- Dari kiri ke kanan: William Tanjung, SH; Nirwin Daulay (alm), Dra.Lely Marlendra; Elpanita, S.Ag; Hj.Rosmaina Lubis; dr.Abu Amar PH; Nahdhia Fallah PH; Dra.Elmawati; Dr.Hamzah Lubis; Syahidullah Habibie PH, ST; Ridho Fadli PH: Lindawati Dalimunthe; Safrin Lubis, SH; Iska Rajmi, S.Kes; Hafizuddin Lubis, AMD; Ali Johanda Tanjung
Dr. Ir.
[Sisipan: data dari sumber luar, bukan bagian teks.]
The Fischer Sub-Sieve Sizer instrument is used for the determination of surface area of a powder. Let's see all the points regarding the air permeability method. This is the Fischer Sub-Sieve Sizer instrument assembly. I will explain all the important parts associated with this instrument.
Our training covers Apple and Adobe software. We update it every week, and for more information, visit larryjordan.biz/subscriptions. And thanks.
Hamzah Lubis,
SH.,M.Si. lahir di Gunungtua, Sarasah, Kampung-X, Nagari Sungai Aua, Kecamatan Sungai Aur, Kabupaten
Pasaman Barat, Provinsi Sumatera Barat, Indonesia, tahun 1962. Lahir dari Pasangan Alm.Tuan Guru Alamsyah Lubis
dan Siti Hajar Br. Nasution. Memiliki 6 saudara: (1) Alamuddin Lubis BA,
PNS di Departemen Agama Kabupaten Aceh Selatan,
KUA Kecamatan Lembah Malintang dan Guru MTsN Sontang, Pasaman Barat.
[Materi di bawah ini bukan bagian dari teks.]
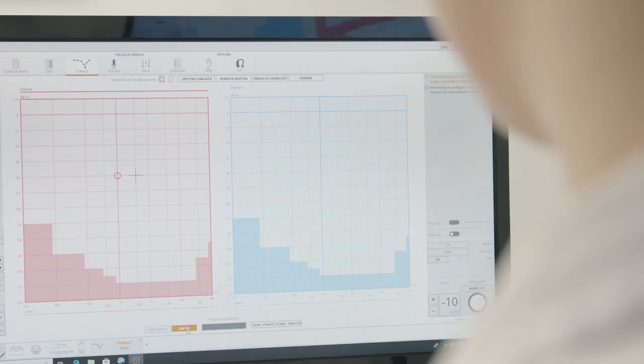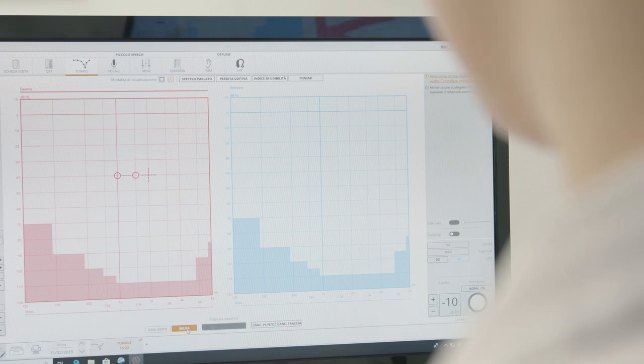I'll now show you how the PC interface looks and can be controlled. We'll have a look at the available settings and at how simple it is to carry out a pure tone and a speech audiometry test with Inventus Piccolo.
Meninggal dunia tanggal 15 Oktober 1990 dalam usia 40 tahun. (2) Hj. Rosmaina
Lubis, lahir di Gunungtua, tahun 1952, pendidikan dari Pendidikan Guru Agama Islam (PGA), pekerjaan petani, pernah tinggal di
Sorkam, Pandan (Tapanuli Tengah), Kota Sibolga dan sekarang berdomisili di Gunung Tua, Pasaman Barat. Mantan
Ketua Pimpinan Cabang Muslimat Nahdlatul
Ulama Kabupaten Tapanuli Tengah. (3) Azimah Lubis, SAg. lahir di Gunungtua, tahun 1955,
pendidikan Sarjana Pendidikan Agama Islam,
pensiunan PNS Guru di SMAN-2 Rimbo Bujang, Muaro Bungo, Jambi. Sekarang
berdomisili di Kampung Juar, Ujunggading. (4). Drs. Ismail Lubis, lahir di
Gunungtua, tahun 1959, Sarjana Fakultas Syariah IAIN Sumatera
Utara, bekerja sebagai guru agama di Padang Sidempuan, berdomisili di Kampung
Tobat, Kota Padang Sidempuan. (5) Safrin Lubis, SH, lahir di Gunungtua, lahir di Gunungtua, tahun 1966, alumni Sekolah Tinggi Ilmu Hukum Tjut Nyak Dhien, bekerja dalam
bidang perdagangan, tinggal di Tanjung Sari, Medan. (6). Aklima Lubis, SP,
lahir di Gunungtua, lahir di Gunungtua, tahun 1970, alumni Sekolah Tinggi Pertanian Tjut Nyak
Dhien, Medan, pekerjaan wiraswasta, berdomisili di Gunungtua, Sei Aur, Pasaman Barat.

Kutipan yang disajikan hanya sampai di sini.